Я решил послать мальчишек в участковую милицию.
Пока я втолковывал им, что надо сказать оперуполномоченному, чтобы прислал за казахом, да пока они ходили, Тахави вдосталь напился чаю.
На вызов явился сам оперуполномоченный Порваткин. Его сопровождал рослый младший сержант Хабибуллин. У обоих был вид людей, привыкших вести себя по-хозяйски в любом жилище Тринадцатого участка и в какое им угодно время дня и ночи.
— Где здесь жареный-пареный? — бравым голосом спросил Порваткин, уставясь на Тахави, разомлевшего от тепла, сытости и женского внимания. — Надевай, джалдас, меха. И пойдем. Смотрю, загостился у баб, как медведь в малиннике.
Пальцы рук плохо слушались казаха — с трудом завязал тесемки на треухе.
Портянки ему накручивали и ботинки натягивали Саня и я.

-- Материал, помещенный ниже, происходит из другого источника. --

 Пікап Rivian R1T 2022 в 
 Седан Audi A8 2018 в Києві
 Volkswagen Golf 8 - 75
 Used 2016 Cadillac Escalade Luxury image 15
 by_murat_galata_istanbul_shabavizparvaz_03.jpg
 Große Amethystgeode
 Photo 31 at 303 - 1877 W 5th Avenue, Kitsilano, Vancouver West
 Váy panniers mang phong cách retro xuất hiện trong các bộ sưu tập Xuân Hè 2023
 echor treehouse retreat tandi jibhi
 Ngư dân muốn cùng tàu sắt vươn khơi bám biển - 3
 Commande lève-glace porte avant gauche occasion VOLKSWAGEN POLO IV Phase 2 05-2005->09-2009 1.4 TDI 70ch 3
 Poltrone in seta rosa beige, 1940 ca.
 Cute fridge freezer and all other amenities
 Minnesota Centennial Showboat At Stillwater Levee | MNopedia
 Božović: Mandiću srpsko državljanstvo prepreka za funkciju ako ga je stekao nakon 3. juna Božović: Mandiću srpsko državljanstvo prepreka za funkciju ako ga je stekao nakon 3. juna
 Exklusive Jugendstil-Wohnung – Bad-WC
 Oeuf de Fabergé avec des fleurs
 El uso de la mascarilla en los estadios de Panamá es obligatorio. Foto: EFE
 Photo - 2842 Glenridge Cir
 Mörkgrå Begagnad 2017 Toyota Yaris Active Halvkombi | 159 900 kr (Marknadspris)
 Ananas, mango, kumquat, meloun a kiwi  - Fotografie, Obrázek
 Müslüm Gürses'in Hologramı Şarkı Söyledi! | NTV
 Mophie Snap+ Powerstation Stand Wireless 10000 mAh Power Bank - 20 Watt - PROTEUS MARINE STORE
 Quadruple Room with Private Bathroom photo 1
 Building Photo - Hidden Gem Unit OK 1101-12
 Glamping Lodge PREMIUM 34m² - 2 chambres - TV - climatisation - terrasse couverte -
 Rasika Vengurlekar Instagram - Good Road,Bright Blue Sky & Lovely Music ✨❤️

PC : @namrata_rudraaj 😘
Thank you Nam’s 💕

Полностью одетый, Тахави вспомнил о деньгах, попытался засунуть руку под фуфайку.
Марья засмеялась:
— Подь ты к лешему, беспонятливый. Заладил: «Деньга, деньга». Завтра хлеб не на что будет выкупить. Пригодится тебе твоя сотенная. Шагай с богом с товарищем Порваткиным. Он тебя отведет в участок, вызовет какой-нибудь газогенераторный грузовичишко. И доставят тебя по месту работы или в общежитие.